§ **DATA FOR ANALYSIS**
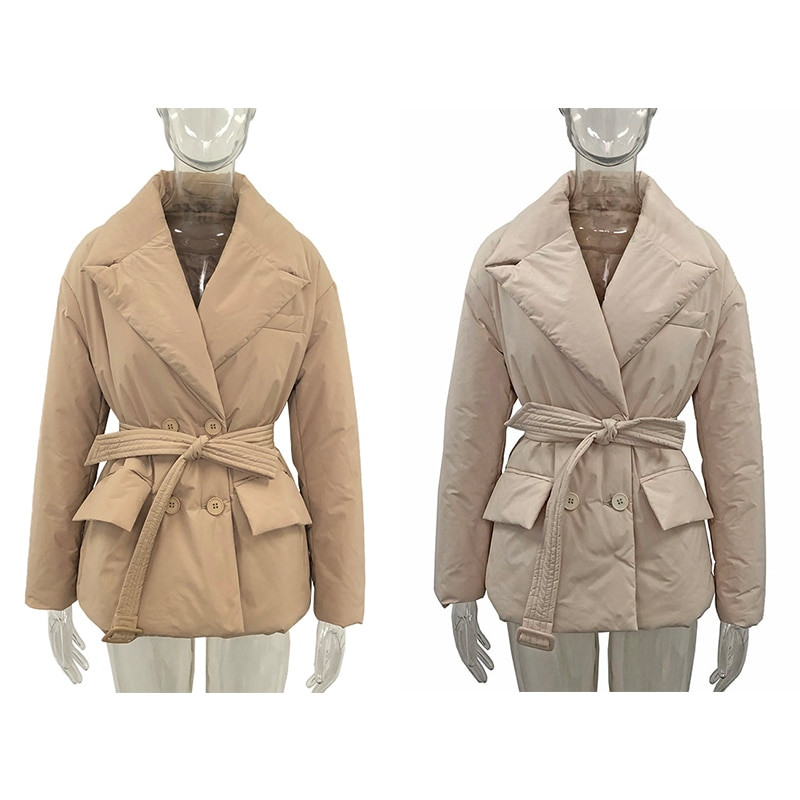 Malina Simple Pockets Parkas Sievietēm Modes Divrindu Mēteļi Sieviešu Masīva Sasaistes Josta Robots Kokvilnas Jakas Sieviešu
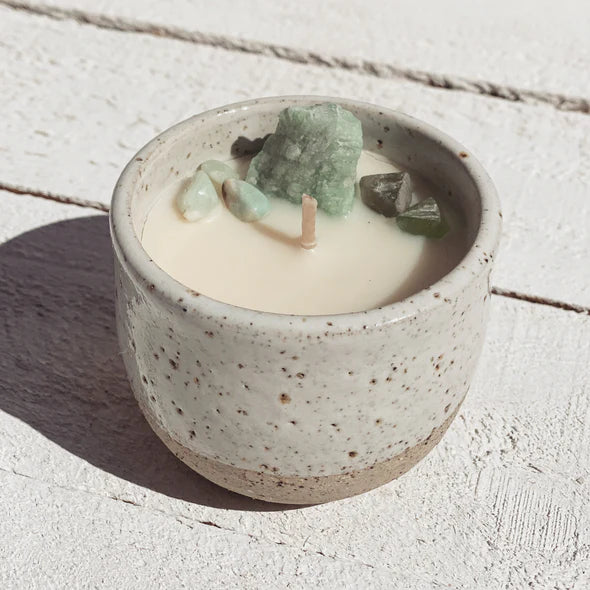 Saide - Crystal Small Ceramic Candle - Speckled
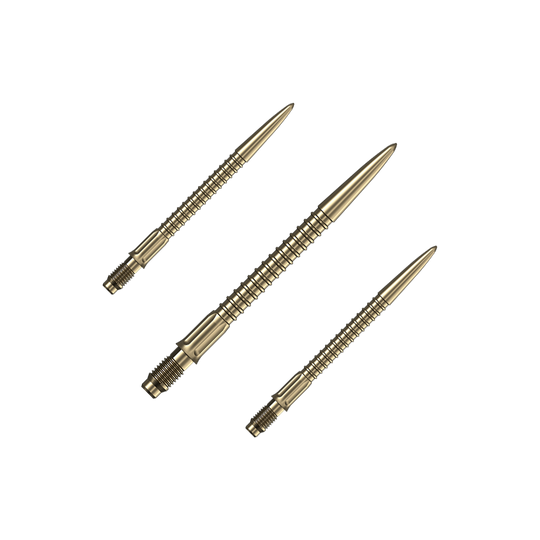 Punte per freccette Mission R2.5 Rapid Point GV1 - Oro Ein Set goldener Dartspitzen ist auf dem Bild zu sehen. Das Set ist für Dartpfeile gedacht.
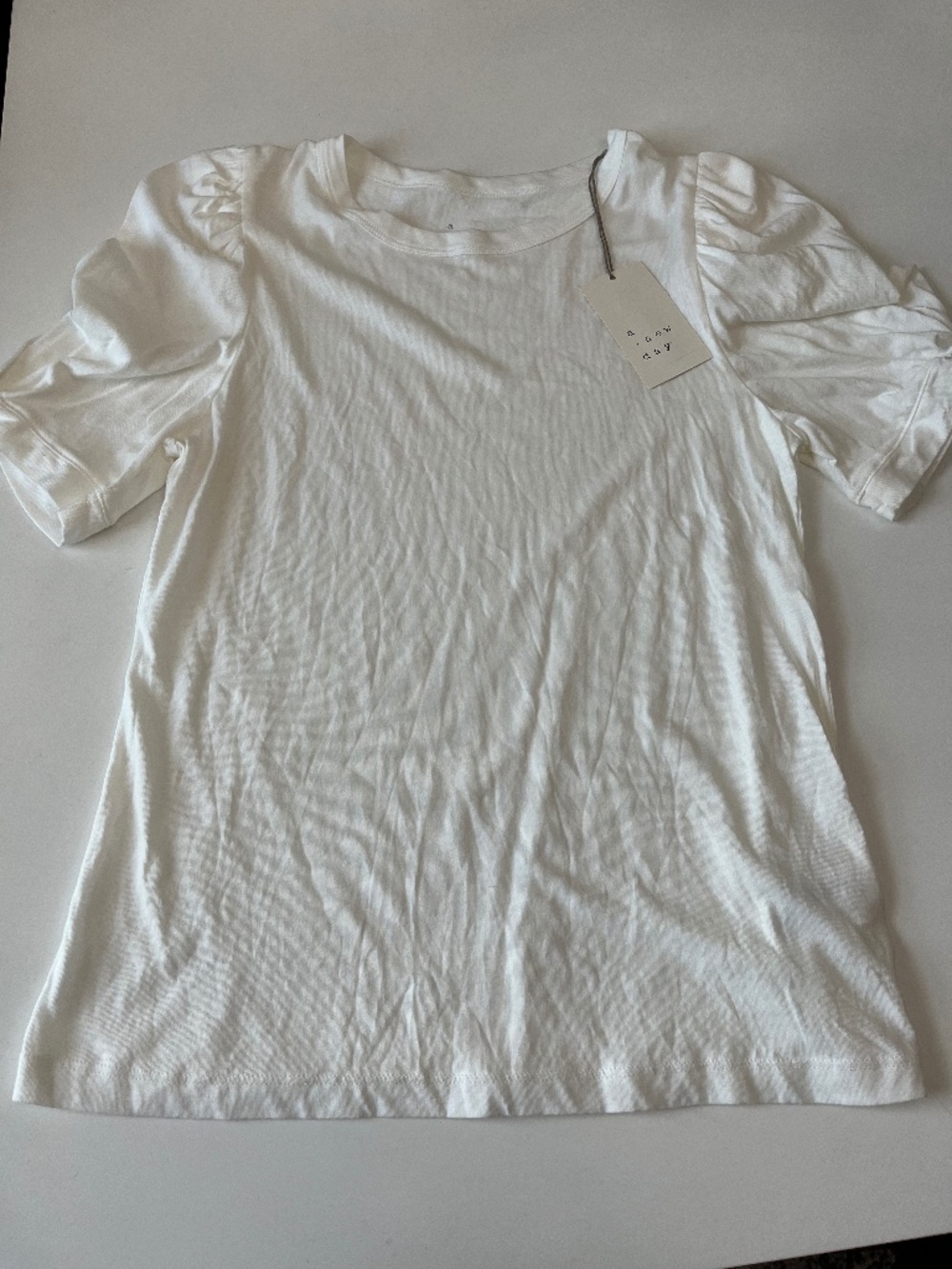 A New Day Cotton top , twisted sleeve design! NWT! Size XS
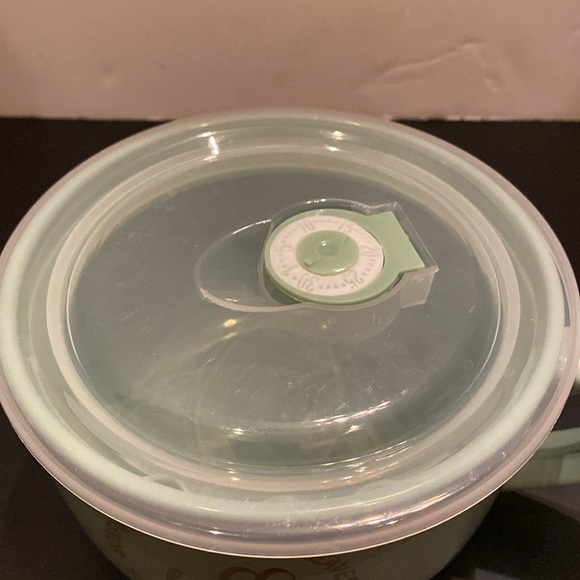 Souper bowl mug w/ vented lid Fall Bonfires falling leaves green color 22 oz - Picture 3 of 9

§ **YOUR TASK**
This calls for each record above to be set down exactly, with the images skipped.

§ **PROBLEM SOLUTION**
 Malina Simple Pockets Parkas Sievietēm Modes Divrindu Mēteļi Sieviešu Masīva Sasaistes Josta Robots Kokvilnas Jakas Sieviešu
 Saide - Crystal Small Ceramic Candle - Speckled
 Punte per freccette Mission R2.5 Rapid Point GV1 - Oro Ein Set goldener Dartspitzen ist auf dem Bild zu sehen. Das Set ist für Dartpfeile gedacht.
 A New Day Cotton top , twisted sleeve design! NWT! Size XS
 Souper bowl mug w/ vented lid Fall Bonfires falling leaves green color 22 oz - Picture 3 of 9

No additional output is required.